En tant qu’administrateur de page Facebook, vous avez également la possibilité de masquer, voir de bannir les commentaires d’un profil Facebook. Pour cela, cliquez tout simplement sur le commentaire et choisissez l’option « masquer ». Pour bannir un utilisateur, répétez l’action sur le commentaire masqué et cette fois-ci cliquez sur « Bannir ». Sachez que la frontière entre « supprimer » et « masquer » peut avoir toute son importance lors de la modération des commentaires négatifs. Ainsi, supprimer un commentaire laissera des traces et l’auteur du message en question sera informé que son commentaire aura disparu, pouvant ainsi entrainer une surréaction même si vous veniez à supprimer son profil car généralement les trolls possèdent plusieurs comptes et ont la capacité, de ce fait, à réitérer leur intervention. Nous ne pouvons donc que vous conseiller dans un premier temps d’avoir recours à l’alternative « masquer le commentaire » pour calmer le jeu. Un moyen efficace contre le trolling est également de solliciter votre communauté, ceux qui vous soutiennent, pour justement appuyer votre expertise et votre savoir-faire .

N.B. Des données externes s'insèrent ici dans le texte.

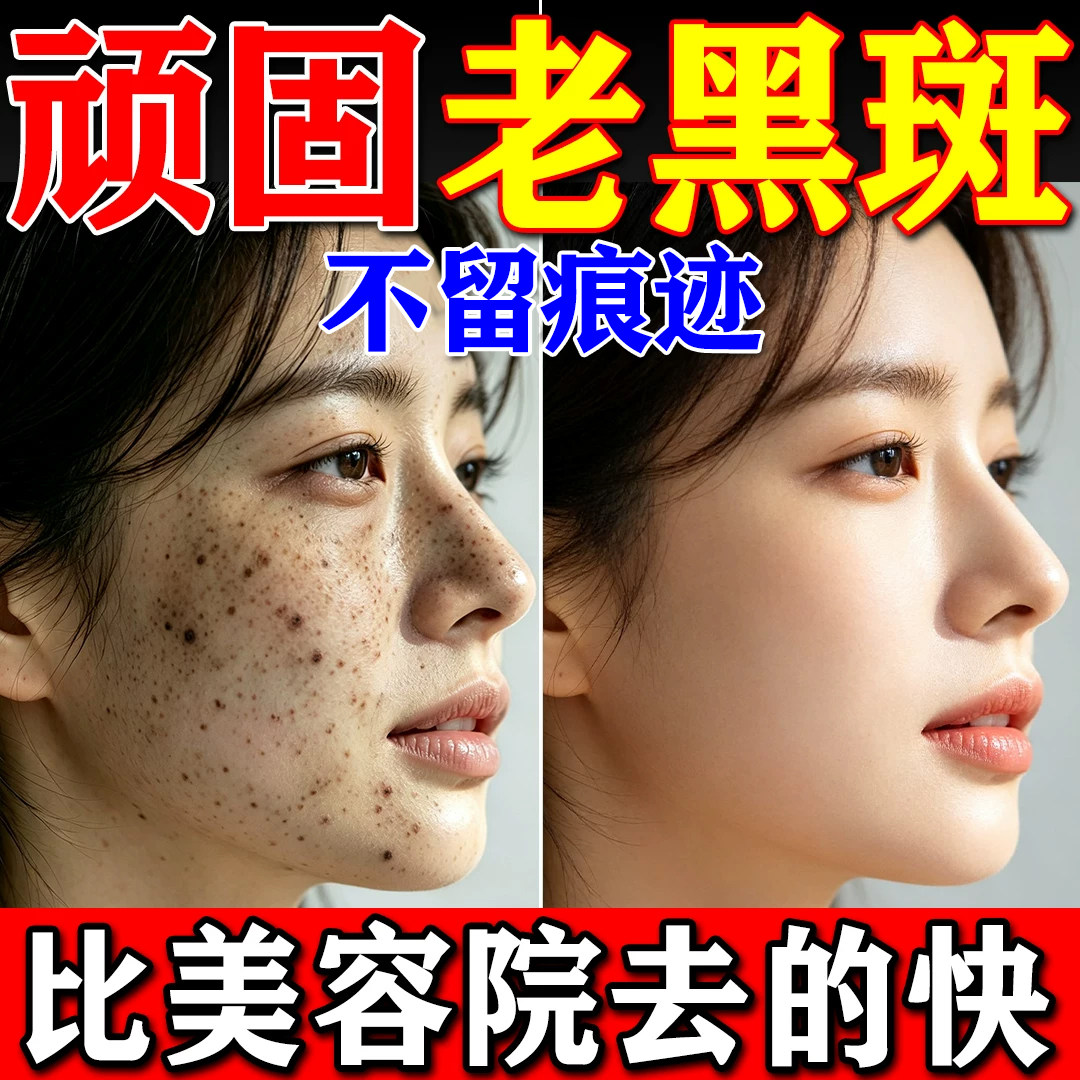祛斑精华液祛黄褐斑雀斑分解黑色乳液/面霜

Le troll peut toutefois revêtir une image bien réelle : Celle du client !
Un client insatisfait : victime d’une retard d’avion, de la suppression d’une activité initialement prévue à son programme ou d’un cas de force majeur et qui n’aurait pas souscrit à une assurance… les possibilités de profils sont nombreuses et il vous faudra jongler entre plusieurs cas de figure pour apporter, cette fois-ci, une réponse construite et personnalisée. Nous vous conseillons dans ce cas de figure de déplacer les éléments dits « publiques », vers un espace confidentiel. Ainsi, invitez la personne à entrer en discussion directe par message privée pour vous positionner comme vrai professionnel et emmagasiner les preuves d’échanges. N’hésitez pas à réaliser des Screenshot qui pourraient s’avérer utiles (au cas où cela aille plus loin).

Pour synthétiser : 

Évitez de coller une étiquette « Troll » sur toutes les personnes qui ne seront pas d’accord avec vous et restez ouverts à la contradiction. Il est toujours important de se rappeler que chaque situation est différente, ce qui marche dans la modération d’un cas ne marchera peut-être pas dans un autre. La notion d’expérience vous sera une arme puissance dans la bataille à mener contre les véritables trolls et les commentaires négatifs qui pourront vous aider quant à eux à vous remettre en question et améliorer votre prestation. Il n’y a pas de protocole clé en main pour se libérer de l’influence d’un troll mais la règle numéro un à appliquer en toute circonstance restera « DON’T FEED THE TROLL ! ».